函館駅の騒ぎ 対応混乱…銃撃戦まで16時間野放し

2007/9/14
 函館市昭和町で11日未明、長野県佐久市、暴力団員高成仁(こうせいじん)容疑者(52)が警察官と銃撃戦となり、死亡した事件で、高容疑者とみられる男が事件前の10日朝、JR函館駅のホームで利用客に拳銃を突きつけるなどした騒ぎの後の状況が、13日までに明らかになった。警察側が「銃器所持の不審者」情報を得たのは約1時間後。結果的に同駅を出てから約16時間にわたり、拳銃を携行した凶悪犯が野放しになった格好で、目撃から通報、関係機関の対応に至るまで課題を残した。

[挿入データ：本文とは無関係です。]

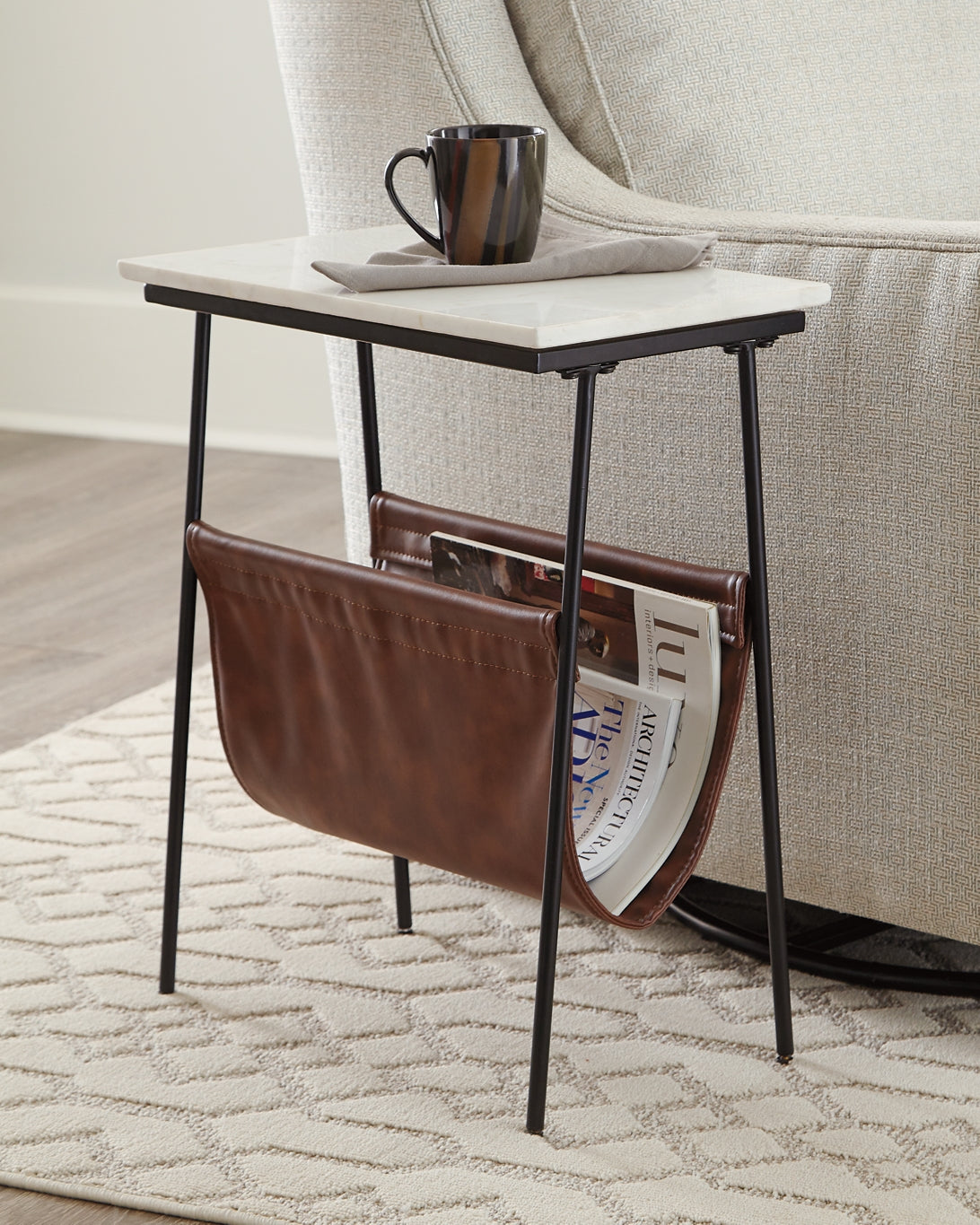 Etanbury Accent Table Signature Design by Ashley®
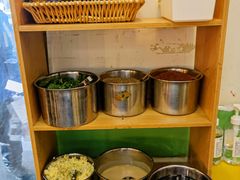 自助调料区-脑馋粉儿(三里屯店)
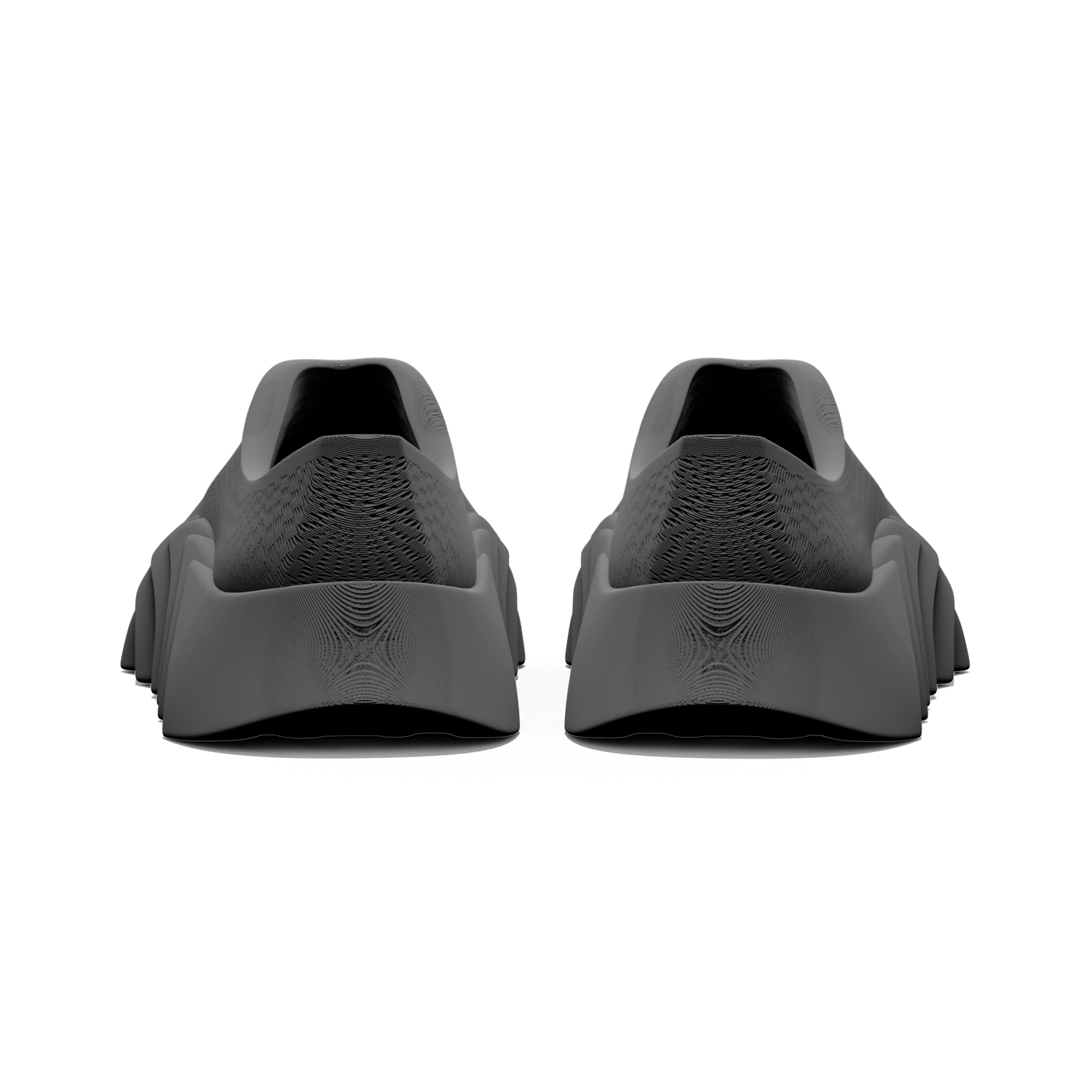 MB-RAZOR SHARK - 3D printed shoes - zellerfeld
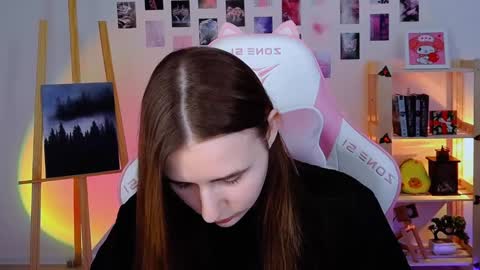 Snapshot of alicecharmy chatting on January 6, 12:24 pm alicecharmy online show from January 6, 12:24 pm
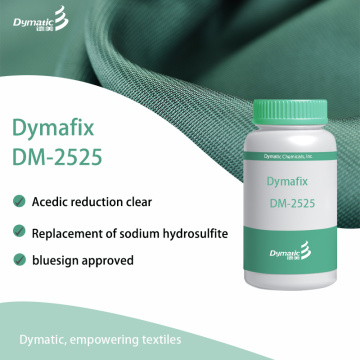 Reduksi agen Dymafix DM-2525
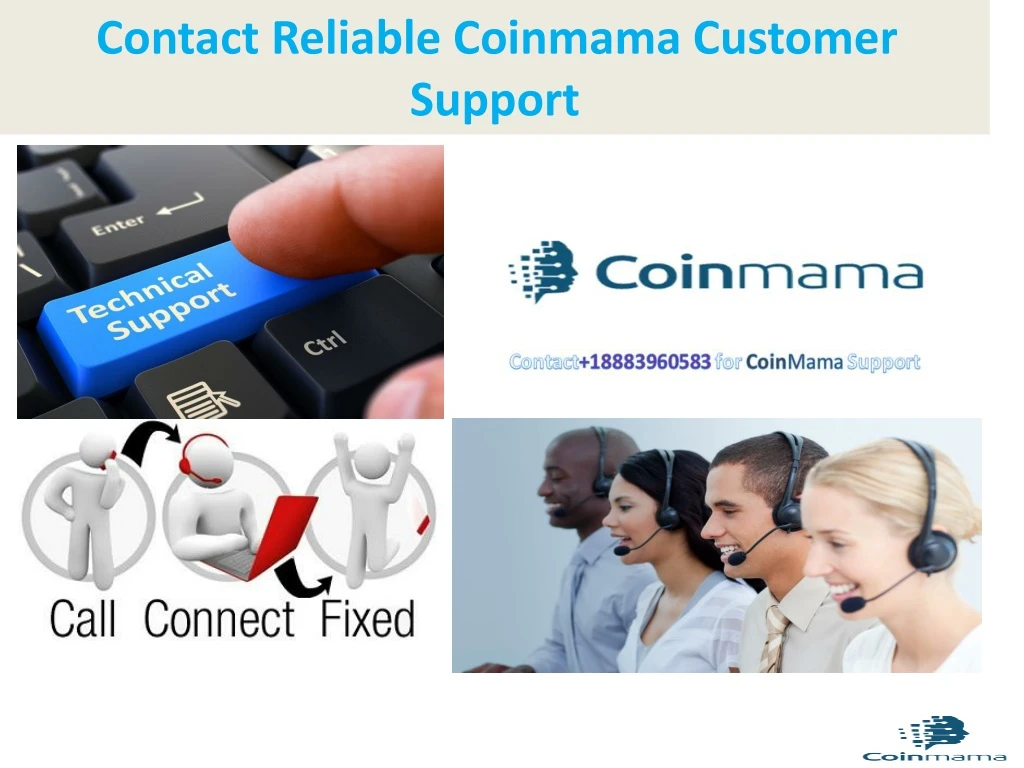 contact reliable coinmama customer support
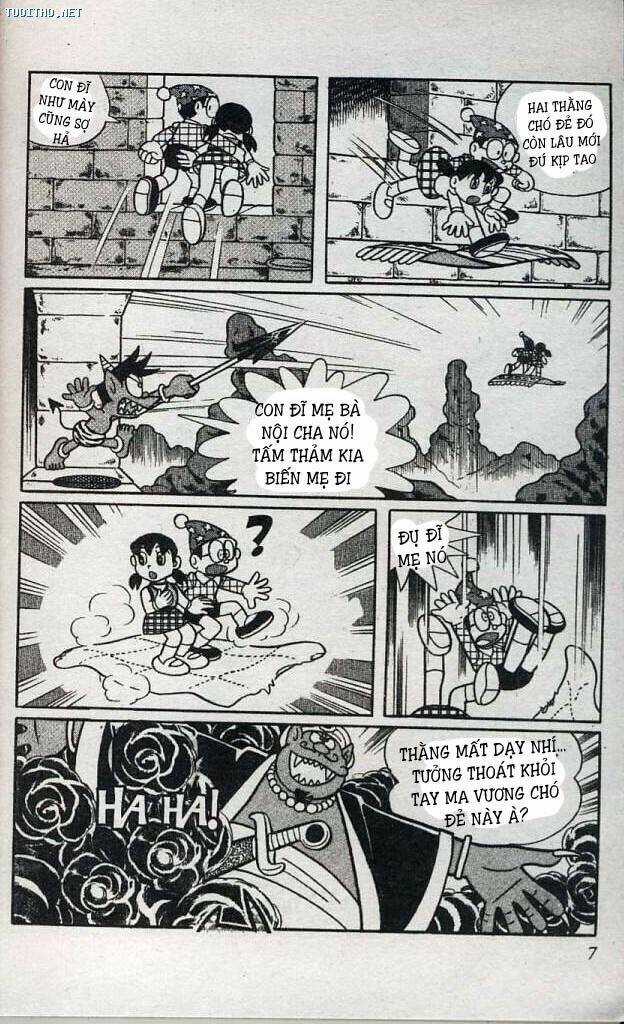 Doremon dịch bậy Chapter 1 trang 5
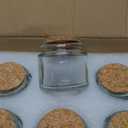 24 Sets Love Is Brewing Bridal Shower Party Favors Coffee Themed Bridal Shower Party Favors for Guests 3.4 oz Small Glass Bottles with Cork Lid Twine Labels Storage Wedding Gift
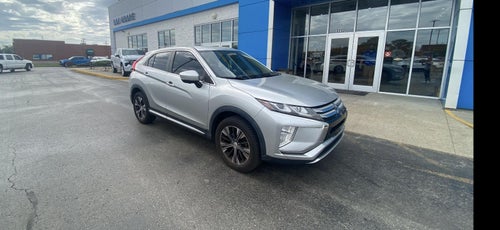 2018 Mitsubishi Eclipse Cross SE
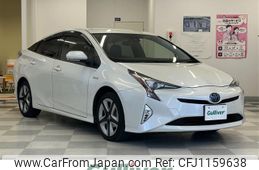 toyota prius 2016 -TOYOTA--Prius DAA-ZVW55--ZVW55-8018378---TOYOTA--Prius DAA-ZVW55--ZVW55-8018378-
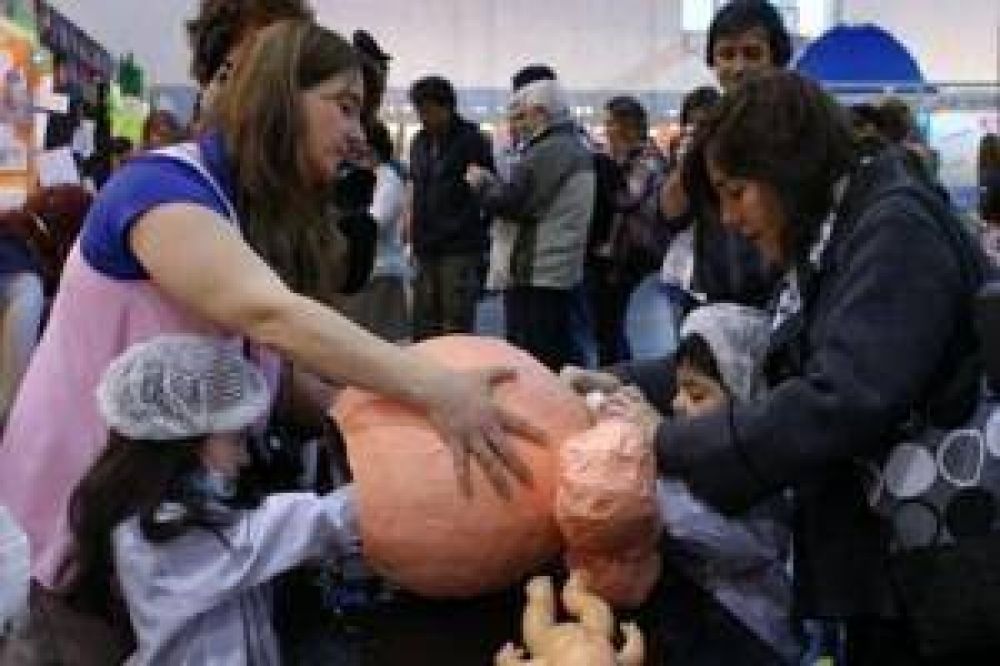 Se realiz� la Instancia Zonal de Feria de Ciencia y Tecnolog�a Escolar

 JR北海道函館支社によると、男は10日午前8時20分ごろ、同駅5番ホームで函館市内の旅行会社の男性2人に「(列車に)乗れ」と脅し、拳銃のようなものを背中から突きつけた。2人は特急列車に乗り込み、車掌に事情を説明。男性2人は直後に降車して車掌と付近を探したが、すでに男の姿はなかった。

 車掌は同社指令センターを通じて道警函館方面本部鉄道警察隊に電話で連絡したが、当時は不在だったという。同駅職員が同8時25分ごろ、男が改札から出るのを目撃している。

 一方、函館中央署によると、広島県の男性会社員が同8時20分ごろ、男がホームのベンチでセカンドバッグに入った拳銃のようなものをちらつかせているのを目撃。この男性会社員は同9時35分ごろ、函館西署函館駅前交番に届け出た。警察側はこの時点で、初めて「拳銃」を持った不審者の存在を認知した。

 直ちに函館西署員ら12人が駅の構内や周辺を同11時ごろまで捜索したが、男の発見には至らなかった。12人の警官は防弾チョッキの着用など特別な銃器対策を取らず、管内に緊急配備も敷かれなかったという。同本部は「結果的に目撃情報のあった男が高容疑者の可能性がある」とした上で、「(対応は)当時置かれた状況での判断だった」としている。

 函館中央署は13日、札幌で行われた高容疑者の司法解剖の結果を発表。死因は心臓と胸部大動脈の銃創による出血死と判明。銃創は左胸から斜め下の背中にかけての1カ所で、高容疑者が応射した警察官よりも低い位置にいたことが明らかになった。